Il y a des misères sur la terre qui saisissent le coeur; il manque à quelques-uns jusqu'aux aliments; ils redoutent l'hiver, ils appréhendent de vivre. L'on mange ailleurs des fruits précoces; l'on force la terre et les saisons pour fournir à sa délicatesse; de simples bourgeois, seulement à cause qu'ils étaient riches, ont eu l'audace d'avaler en un seul morceau la nourriture de cent familles.
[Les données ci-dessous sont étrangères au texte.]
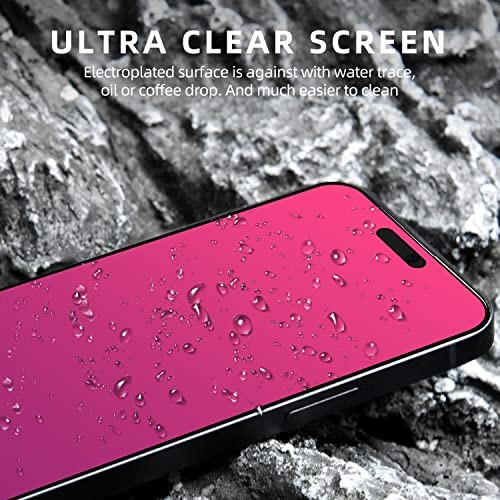 Privacy Screen Protector Compatible with 6.1 inch Gradient iPhone 15 Pro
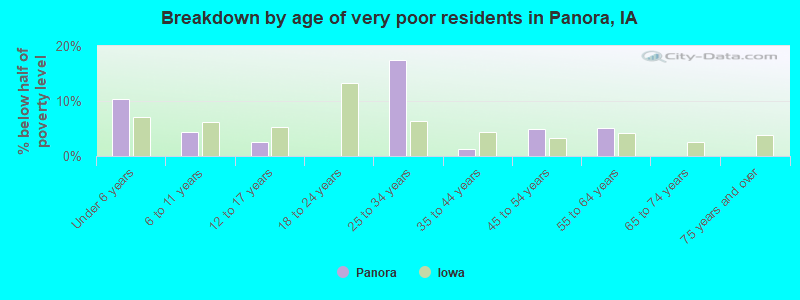 Breakdown by age of very poor residents in Panora, IA
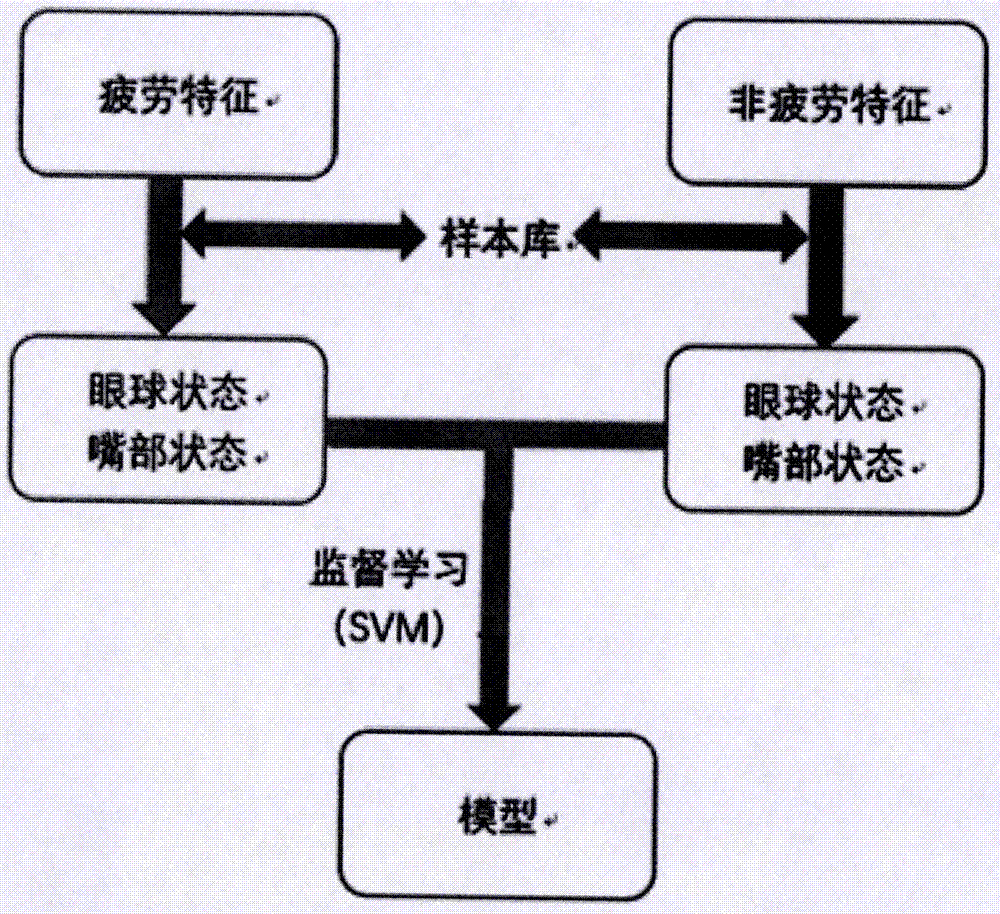 Facial-feature-extraction-based fatigue monitoring system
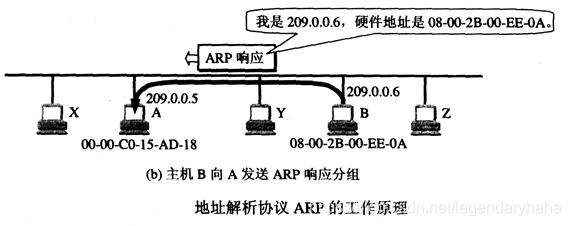 在這裡插入圖片描述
Tienne qui voudra contre de si grandes extrémités: je ne veux être, si je le puis, ni malheureux ni heureux; je me jette et me réfugie dans la médiocrité.
48 (V)
On sait que les pauvres sont chagrins de ce que tout leur manque, et que personne ne les soulage; mais s'il est vrai que les riches soient colères, c'est de ce que la moindre chose puisse leur manquer, ou que quelqu'un veuille leur résister.
49 (VII)
Celui-là est riche, qui reçoit plus qu'il ne consume; celui-là est pauvre, dont la dépense excède la recette.
Tel, avec deux millions de rente, peut être pauvre chaque année de cinq cent mille livres.
Il n'y a rien qui se soutienne plus longtemps qu'une médiocre fortune; il n'y a rien dont on voie mieux la fin que d'une grande fortune.
L'occasion prochaine de la pauvreté, c'est de grandes richesses.
S'il est vrai que l'on soit riche de tout ce dont on n'a pas besoin, un homme fort riche, c'est un homme qui est sage.
S'il est vrai que l'on soit pauvre par toutes les choses que l'on désire, l'ambitieux et l'avare languissent dans une extrême pauvreté.